Don Bosco mit son Oratoire en prière. Il pria lui-même et fit une neuvaine spéciale qui fut exaucée ; car la marquise devint mère d'un beau garçon.

Sa naissance donna lieu à de grandes fêtes, à toutes sortes de réjouissances, mais on oublia complètement les pauvres enfants du Valdocco.

Quelques années s'écoulèrent, et D. Bosco ne pensait plus à cette ingratitude. Cependant un jour, pressé par le besoin et ne sachant où trouver le pain quotidien de sa nombreuse famille, il se présente chez le marquis.

On ne le reçoit pas.

À une nouvelle tentative, il est admis et expose le motif de sa visite.

— Monsieur l'abbé, je regrette vraiment de ne pouvoir vous venir en aide en ce moment : l'année est mauvaise et j'ai de grosses charges ; mais je saisirai la première occasion de vous être utile. Je suis très pressé aujourd'hui ; j'irai vous voir avant peu.

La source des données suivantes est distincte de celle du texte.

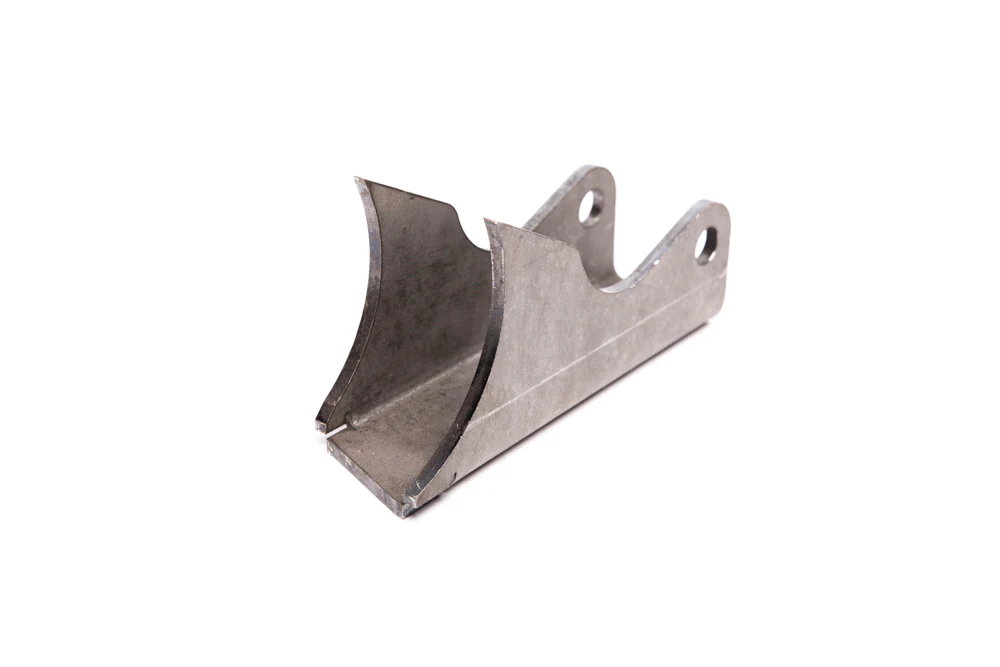 2015 Up F150 Rear Shock Mounts - Image 6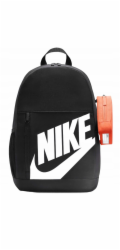 Nike Batoh Elementa Shoeboxl HJ4186-010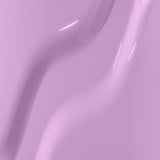 Clean As A Thistle - HFG068 - thePINKchair.ca - gel polish - Kiara Sky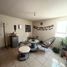 3 Schlafzimmer Wohnung zu verkaufen in San Luis Potosi, San Luis Potosi, San Luis Potosi, San Luis Potosi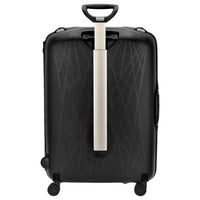 Roncato Light - 4-Rollen-Trolley Set 2tlg. M/L (nero) - Ansicht 5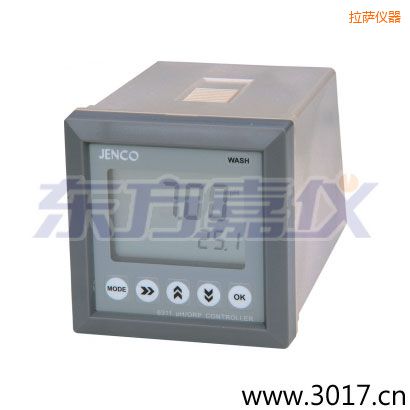 ���_���������߀ԭ���ض������I(y��)�ھ�������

La visite annoncée eut lieu peu de temps après : mais, en fait de secours, c'est celui de Don Bosco qu'on venait implorer. Il était dans sa chambre lorsque la porte s'ouvre précipitamment. C'étaient le marquis et la marquise éplorés :

— Mon Père, mon bon Père, à notre secours ! Notre pauvre enfant se meurt du croup, venez, sauvez-le !

D. Bosco se disposait à les suivre, lorsque survint un domestique annonçant que l'enfant venait de rendre le dernier soupir.